Subject terms: Sequence annotation, Genetics research
Introduction
Rare human diseases are often caused by de novo or inherited variants in a single protein-coding gene1,2. Isolating the small subset of causal variants from the numerous inconsequential variants in cohort exome and genome datasets remains an analytical bottleneck. The decreasing cost of sequencing has resulted in a dramatic increase in the number of groups analyzing sequence data from rare disease families. Because of alignment and variant calling artifacts3, careful filtering is required to extract an accurate set of causal variants. Each research group may choose custom strategies, use ad hoc software, or one of many tools designed to facilitate the filtering, including seqr (https://seqr.broadinstitute.org/), GEMINI4, and genmod (https://github.com/moonso/genmod). This leads to innumerable possible outcomes when analyzing the same cohort.
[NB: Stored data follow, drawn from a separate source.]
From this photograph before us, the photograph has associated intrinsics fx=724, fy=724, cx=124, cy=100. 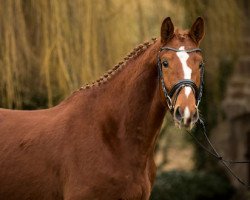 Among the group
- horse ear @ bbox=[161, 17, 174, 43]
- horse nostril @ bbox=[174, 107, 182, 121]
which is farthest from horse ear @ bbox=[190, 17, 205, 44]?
horse nostril @ bbox=[174, 107, 182, 121]

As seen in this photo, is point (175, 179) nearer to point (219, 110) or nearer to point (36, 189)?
point (219, 110)

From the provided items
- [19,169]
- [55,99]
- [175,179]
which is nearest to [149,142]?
[19,169]

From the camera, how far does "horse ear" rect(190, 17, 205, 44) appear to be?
15.6 ft

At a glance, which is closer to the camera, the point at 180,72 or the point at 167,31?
the point at 180,72

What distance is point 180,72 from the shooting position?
447 centimetres

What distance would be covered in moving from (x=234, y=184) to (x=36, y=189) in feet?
21.9

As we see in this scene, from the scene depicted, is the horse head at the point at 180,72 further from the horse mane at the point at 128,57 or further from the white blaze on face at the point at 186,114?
the horse mane at the point at 128,57

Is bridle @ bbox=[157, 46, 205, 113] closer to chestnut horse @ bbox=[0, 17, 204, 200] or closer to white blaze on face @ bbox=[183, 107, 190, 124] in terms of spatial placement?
chestnut horse @ bbox=[0, 17, 204, 200]

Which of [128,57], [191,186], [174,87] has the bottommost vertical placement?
[191,186]

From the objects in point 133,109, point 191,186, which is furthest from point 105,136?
point 191,186

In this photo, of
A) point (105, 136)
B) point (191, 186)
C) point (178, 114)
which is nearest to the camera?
point (178, 114)

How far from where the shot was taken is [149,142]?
4918 millimetres

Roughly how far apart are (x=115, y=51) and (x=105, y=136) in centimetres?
372

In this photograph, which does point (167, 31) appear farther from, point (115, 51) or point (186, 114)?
point (115, 51) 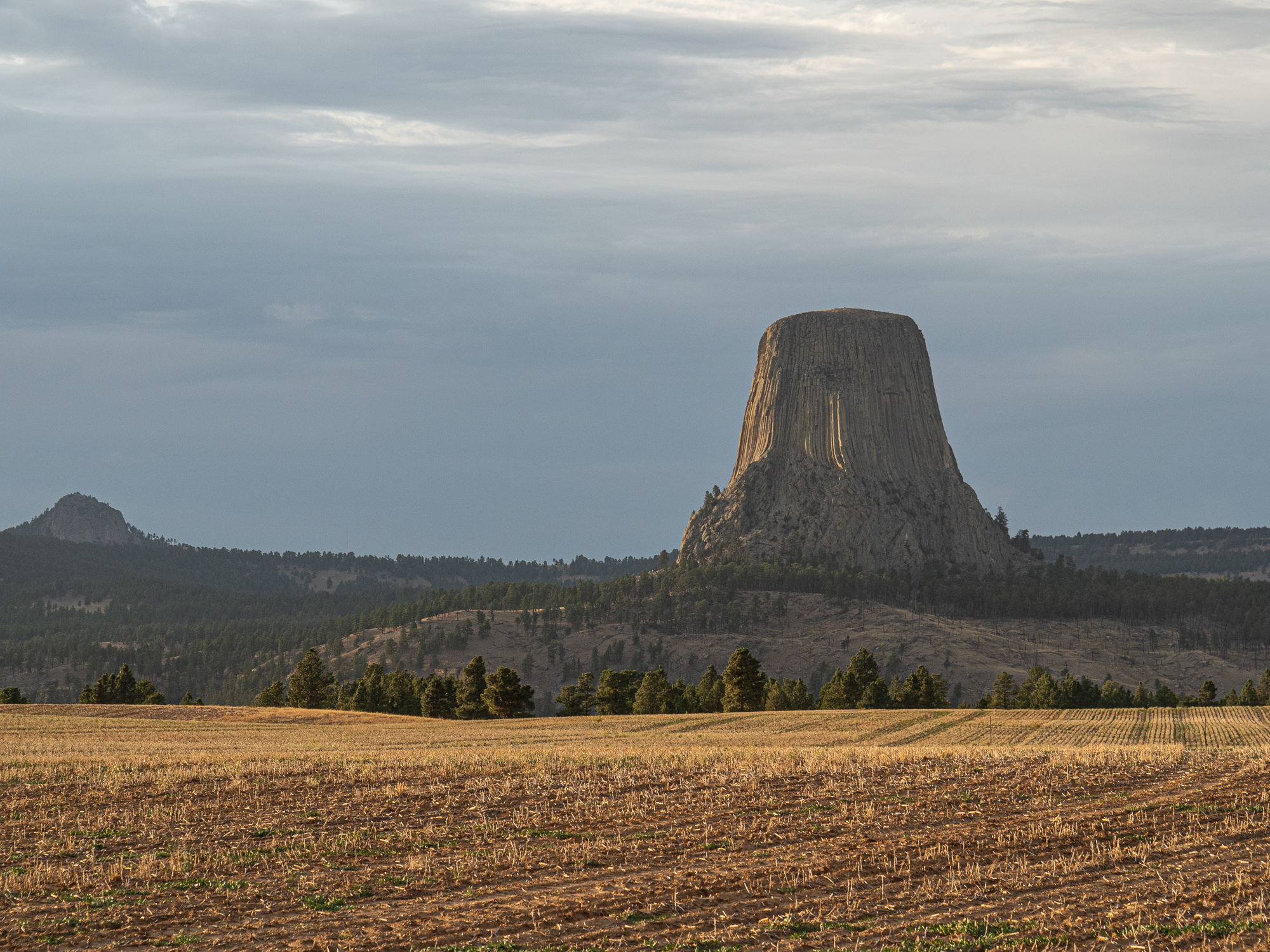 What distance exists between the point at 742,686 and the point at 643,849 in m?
87.8

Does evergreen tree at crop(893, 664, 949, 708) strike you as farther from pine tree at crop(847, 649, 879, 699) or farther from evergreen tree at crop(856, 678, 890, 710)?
pine tree at crop(847, 649, 879, 699)

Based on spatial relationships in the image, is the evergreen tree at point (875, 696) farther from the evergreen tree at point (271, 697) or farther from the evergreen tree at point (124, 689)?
the evergreen tree at point (124, 689)

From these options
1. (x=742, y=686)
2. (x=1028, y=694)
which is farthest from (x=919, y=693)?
(x=742, y=686)

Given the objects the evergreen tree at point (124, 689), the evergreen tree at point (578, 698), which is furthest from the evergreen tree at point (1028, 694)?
the evergreen tree at point (124, 689)

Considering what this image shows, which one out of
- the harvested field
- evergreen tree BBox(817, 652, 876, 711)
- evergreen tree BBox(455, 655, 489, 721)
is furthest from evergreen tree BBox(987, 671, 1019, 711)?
the harvested field

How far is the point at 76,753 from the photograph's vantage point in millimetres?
51312

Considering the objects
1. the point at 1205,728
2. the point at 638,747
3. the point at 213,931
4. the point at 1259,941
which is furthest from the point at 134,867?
the point at 1205,728

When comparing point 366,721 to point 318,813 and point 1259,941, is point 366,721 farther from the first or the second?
point 1259,941

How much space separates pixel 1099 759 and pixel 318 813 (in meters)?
26.8

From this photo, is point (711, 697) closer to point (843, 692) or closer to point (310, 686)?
point (843, 692)

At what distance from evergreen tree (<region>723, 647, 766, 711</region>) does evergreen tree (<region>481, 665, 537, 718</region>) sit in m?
18.2

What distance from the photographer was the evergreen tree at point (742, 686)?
111875mm

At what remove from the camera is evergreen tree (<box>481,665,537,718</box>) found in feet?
347

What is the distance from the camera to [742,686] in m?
112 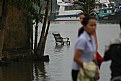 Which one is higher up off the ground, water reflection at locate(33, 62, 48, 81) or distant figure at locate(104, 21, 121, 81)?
distant figure at locate(104, 21, 121, 81)

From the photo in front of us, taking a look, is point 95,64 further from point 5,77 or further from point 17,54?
point 17,54

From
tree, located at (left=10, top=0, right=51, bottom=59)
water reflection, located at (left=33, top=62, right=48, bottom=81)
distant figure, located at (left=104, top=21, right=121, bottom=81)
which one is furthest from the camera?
tree, located at (left=10, top=0, right=51, bottom=59)

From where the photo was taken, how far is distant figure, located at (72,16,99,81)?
7145mm

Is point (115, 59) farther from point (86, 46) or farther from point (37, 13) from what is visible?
point (37, 13)

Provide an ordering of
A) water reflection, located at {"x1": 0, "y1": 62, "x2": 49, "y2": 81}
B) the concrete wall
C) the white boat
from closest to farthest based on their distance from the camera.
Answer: water reflection, located at {"x1": 0, "y1": 62, "x2": 49, "y2": 81}
the concrete wall
the white boat

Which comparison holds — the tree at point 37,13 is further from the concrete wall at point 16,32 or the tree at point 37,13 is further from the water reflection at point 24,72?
the water reflection at point 24,72

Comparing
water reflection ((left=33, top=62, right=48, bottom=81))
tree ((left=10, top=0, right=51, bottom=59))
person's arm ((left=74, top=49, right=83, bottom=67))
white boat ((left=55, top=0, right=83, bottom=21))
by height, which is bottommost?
white boat ((left=55, top=0, right=83, bottom=21))

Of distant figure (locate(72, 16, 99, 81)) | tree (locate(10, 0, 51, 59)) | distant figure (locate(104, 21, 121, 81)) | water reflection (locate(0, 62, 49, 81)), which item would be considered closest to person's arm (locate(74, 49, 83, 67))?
distant figure (locate(72, 16, 99, 81))

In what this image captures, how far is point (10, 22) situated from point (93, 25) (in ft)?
46.5

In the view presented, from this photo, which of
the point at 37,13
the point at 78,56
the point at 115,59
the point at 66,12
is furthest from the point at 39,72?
the point at 66,12

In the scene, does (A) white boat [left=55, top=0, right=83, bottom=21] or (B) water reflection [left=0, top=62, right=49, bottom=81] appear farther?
(A) white boat [left=55, top=0, right=83, bottom=21]

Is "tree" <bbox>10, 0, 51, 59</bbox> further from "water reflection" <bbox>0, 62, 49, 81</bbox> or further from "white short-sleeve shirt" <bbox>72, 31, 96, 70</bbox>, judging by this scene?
"white short-sleeve shirt" <bbox>72, 31, 96, 70</bbox>

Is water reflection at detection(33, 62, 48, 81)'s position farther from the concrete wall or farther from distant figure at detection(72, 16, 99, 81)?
distant figure at detection(72, 16, 99, 81)

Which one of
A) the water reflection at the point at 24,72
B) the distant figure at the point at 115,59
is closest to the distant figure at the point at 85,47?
the distant figure at the point at 115,59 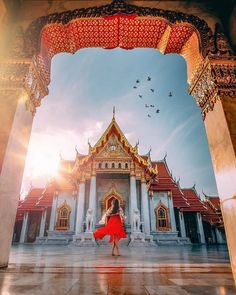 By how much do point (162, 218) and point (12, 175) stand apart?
1481cm

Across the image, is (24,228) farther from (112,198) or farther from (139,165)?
(139,165)

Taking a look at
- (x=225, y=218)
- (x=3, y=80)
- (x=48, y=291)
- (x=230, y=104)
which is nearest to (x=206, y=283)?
(x=225, y=218)

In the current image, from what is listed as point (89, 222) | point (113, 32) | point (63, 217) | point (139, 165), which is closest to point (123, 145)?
point (139, 165)

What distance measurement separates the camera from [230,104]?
2680mm

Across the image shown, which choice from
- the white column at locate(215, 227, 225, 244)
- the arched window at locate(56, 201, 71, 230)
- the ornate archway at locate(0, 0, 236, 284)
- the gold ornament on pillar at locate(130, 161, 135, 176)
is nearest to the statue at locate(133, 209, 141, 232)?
the gold ornament on pillar at locate(130, 161, 135, 176)

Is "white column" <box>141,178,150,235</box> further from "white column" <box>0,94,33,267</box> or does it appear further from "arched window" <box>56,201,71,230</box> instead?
"white column" <box>0,94,33,267</box>

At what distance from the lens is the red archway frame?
3.34 metres

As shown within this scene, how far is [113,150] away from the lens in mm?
14695

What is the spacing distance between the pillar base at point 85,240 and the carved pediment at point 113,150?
520 centimetres

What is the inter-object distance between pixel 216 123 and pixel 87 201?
13064 millimetres

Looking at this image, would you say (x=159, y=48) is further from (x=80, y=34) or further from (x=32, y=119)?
(x=32, y=119)

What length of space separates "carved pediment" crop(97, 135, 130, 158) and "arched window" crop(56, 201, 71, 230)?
5.35 metres

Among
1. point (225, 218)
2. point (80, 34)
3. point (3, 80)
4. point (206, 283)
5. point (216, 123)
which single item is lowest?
point (206, 283)

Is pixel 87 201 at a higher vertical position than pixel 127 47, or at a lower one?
lower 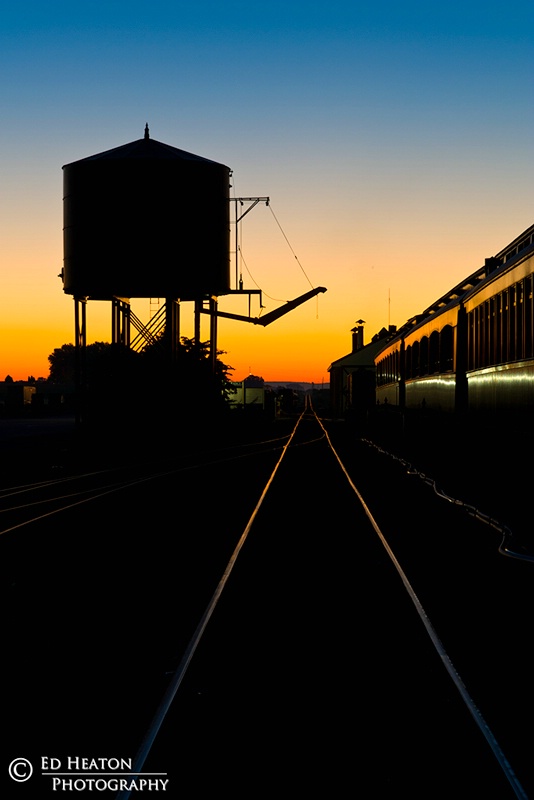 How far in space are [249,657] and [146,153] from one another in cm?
4361

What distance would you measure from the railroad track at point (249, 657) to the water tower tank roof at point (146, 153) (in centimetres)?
3462

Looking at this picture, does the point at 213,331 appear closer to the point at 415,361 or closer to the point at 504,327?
the point at 415,361

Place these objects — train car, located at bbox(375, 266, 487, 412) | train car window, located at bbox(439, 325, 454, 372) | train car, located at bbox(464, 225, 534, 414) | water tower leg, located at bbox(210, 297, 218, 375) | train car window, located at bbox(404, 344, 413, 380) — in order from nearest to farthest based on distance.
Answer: train car, located at bbox(464, 225, 534, 414) → train car, located at bbox(375, 266, 487, 412) → train car window, located at bbox(439, 325, 454, 372) → train car window, located at bbox(404, 344, 413, 380) → water tower leg, located at bbox(210, 297, 218, 375)

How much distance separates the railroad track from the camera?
4891mm

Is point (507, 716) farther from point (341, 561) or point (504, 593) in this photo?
point (341, 561)

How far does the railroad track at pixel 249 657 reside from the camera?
489 centimetres

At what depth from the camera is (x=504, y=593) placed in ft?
31.6

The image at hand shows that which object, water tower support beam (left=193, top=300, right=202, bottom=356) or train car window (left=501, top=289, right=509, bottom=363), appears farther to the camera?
water tower support beam (left=193, top=300, right=202, bottom=356)

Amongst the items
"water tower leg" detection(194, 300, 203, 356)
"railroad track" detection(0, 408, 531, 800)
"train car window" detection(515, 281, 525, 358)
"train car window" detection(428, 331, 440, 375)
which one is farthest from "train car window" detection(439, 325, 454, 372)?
"water tower leg" detection(194, 300, 203, 356)

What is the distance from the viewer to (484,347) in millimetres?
17188

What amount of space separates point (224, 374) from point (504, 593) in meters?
46.5

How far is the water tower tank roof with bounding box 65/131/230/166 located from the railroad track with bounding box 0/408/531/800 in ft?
114

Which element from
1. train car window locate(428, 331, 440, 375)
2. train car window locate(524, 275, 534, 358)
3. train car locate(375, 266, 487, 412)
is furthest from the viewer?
train car window locate(428, 331, 440, 375)

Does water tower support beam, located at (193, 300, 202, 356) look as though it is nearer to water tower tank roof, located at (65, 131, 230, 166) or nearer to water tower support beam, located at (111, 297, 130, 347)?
water tower support beam, located at (111, 297, 130, 347) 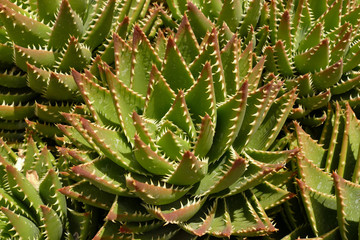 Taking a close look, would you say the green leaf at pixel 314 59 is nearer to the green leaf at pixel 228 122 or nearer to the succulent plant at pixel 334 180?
the succulent plant at pixel 334 180

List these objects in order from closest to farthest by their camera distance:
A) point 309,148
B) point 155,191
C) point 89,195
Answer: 1. point 155,191
2. point 89,195
3. point 309,148

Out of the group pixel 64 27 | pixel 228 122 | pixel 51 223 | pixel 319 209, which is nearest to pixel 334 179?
pixel 319 209

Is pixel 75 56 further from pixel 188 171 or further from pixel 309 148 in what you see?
pixel 309 148

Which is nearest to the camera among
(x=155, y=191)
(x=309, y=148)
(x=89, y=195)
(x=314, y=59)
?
(x=155, y=191)

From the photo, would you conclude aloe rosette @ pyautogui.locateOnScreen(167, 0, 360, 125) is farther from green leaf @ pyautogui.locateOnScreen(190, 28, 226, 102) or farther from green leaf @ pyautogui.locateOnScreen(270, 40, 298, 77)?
green leaf @ pyautogui.locateOnScreen(190, 28, 226, 102)

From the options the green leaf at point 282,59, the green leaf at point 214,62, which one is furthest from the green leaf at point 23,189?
the green leaf at point 282,59

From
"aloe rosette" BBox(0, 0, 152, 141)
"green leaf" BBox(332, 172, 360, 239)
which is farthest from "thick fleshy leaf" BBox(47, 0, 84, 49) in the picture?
"green leaf" BBox(332, 172, 360, 239)

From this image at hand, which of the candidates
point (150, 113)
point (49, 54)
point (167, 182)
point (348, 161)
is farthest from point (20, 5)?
point (348, 161) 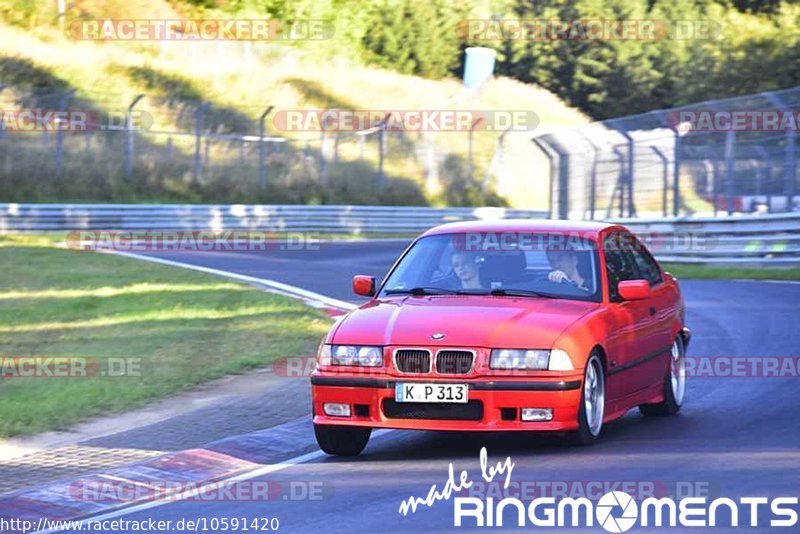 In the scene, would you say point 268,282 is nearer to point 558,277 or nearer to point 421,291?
point 421,291

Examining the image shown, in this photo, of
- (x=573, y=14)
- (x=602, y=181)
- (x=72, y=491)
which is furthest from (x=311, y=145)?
(x=72, y=491)

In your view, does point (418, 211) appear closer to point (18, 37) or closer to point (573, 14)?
point (18, 37)

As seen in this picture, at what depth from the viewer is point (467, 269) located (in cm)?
986

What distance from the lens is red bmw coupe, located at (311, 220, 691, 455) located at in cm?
863

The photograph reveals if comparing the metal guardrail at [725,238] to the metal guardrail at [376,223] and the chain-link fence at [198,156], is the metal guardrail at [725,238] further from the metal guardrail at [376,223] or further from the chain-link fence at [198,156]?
the chain-link fence at [198,156]

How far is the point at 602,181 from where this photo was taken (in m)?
31.4

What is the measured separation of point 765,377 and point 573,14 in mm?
65710

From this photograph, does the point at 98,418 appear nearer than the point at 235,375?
Yes

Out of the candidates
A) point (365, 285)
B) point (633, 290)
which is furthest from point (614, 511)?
point (365, 285)

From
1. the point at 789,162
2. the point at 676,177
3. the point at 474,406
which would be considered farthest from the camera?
the point at 676,177

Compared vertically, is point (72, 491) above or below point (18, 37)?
below

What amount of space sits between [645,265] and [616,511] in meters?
3.95

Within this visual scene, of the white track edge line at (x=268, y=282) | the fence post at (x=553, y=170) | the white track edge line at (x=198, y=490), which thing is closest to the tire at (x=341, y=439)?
the white track edge line at (x=198, y=490)

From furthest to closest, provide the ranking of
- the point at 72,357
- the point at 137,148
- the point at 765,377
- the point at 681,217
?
1. the point at 137,148
2. the point at 681,217
3. the point at 72,357
4. the point at 765,377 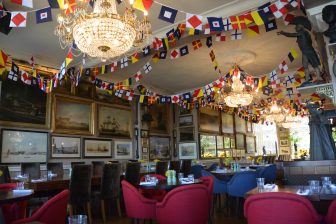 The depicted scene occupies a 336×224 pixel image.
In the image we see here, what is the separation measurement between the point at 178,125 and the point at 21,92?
6893 mm

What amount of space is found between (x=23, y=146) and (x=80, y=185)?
2800mm

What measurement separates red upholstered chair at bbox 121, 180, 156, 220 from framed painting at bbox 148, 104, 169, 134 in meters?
7.20

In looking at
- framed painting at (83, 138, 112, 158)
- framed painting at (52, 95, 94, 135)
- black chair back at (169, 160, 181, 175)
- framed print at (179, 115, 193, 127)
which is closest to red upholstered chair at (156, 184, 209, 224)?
black chair back at (169, 160, 181, 175)

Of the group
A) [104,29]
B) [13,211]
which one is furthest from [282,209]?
[13,211]

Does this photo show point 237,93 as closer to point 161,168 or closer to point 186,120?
point 161,168

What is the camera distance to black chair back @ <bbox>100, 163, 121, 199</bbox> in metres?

Even within a single tool, different parameter values can affect the number of candidate variants, which in turn, can impact variant prioritization and the ability to reach a genetic diagnosis. A previous study5 examined filtering strategies on variant call files (VCFs) but did not provide a set of parameters that can be widely applied across cohorts or the expected number of candidate rare-disease variants expected. Here, we introduce a minimal, but effective set of filtering parameters and report the resulting number of candidate variants for each mode of inheritance. We sought to provide a set of variant filtering parameters that would reduce variability across studies and provide a common baseline for research across different tools and research groups. We have avoided several common filtering strategies that are either cohort-specific, or potentially too strict; for example, although prioritizing predicted loss-of-function (pLoF) variants6,7 can reduce the search space, many pathogenic variants in ClinVar8 are not pLoF, so most analyses must include a broader set of variants. These filters were found to have nearly identical performance in two whole-genome cohorts and also in two whole-exome cohorts. The resulting set of recommended, data-derived filters can be used in any tool as a standard practice for variant filtering. The strategies we describe establish a baseline expectation for variant counts per trio for each inheritance mode.
Throughout, we note that counts of autosomal dominant candidates differ by orders of magnitude from the number of candidates from de novo dominant and recessive modes of inheritance. Therefore, researchers exploring autosomal dominant candidates will require additional filtering or prioritization, though here, we limit our explorations to simple, strict filtering and report the resulting counts.
Results
Establishing allele-balance and genotype-quality thresholds for exome studies
Using a cohort of 149 mother, father, and child “trios” that had been exome sequenced (see “Methods”), we labeled variants as potential Mendelian violations when the parents were predicted by GATK9 to be homozygous for the reference allele, yet the child was predicted to be heterozygous. Because we expect between zero and two true de novo variants per exome trio2, Mendelian violations in excess of this expectation are predicted to be false positives. Alleles that were heterozygous in the child and in only one parent were considered to be transmitted from the parent to the child, and treated as true positives. We varied allele balance (AB; i.e., the ratio of reads aligned at a variant locus that support the alternate allele) cutoffs before declaring a variant to be either a Mendelian violation or transmitted variant (Fig. 1). For transmitted variants, we used the minimum AB between the parent and the child as the value that was filtered in creating the curve. The flat portion of the curve indicates parameter changes that remove likely spurious violations while retaining transmitted variants.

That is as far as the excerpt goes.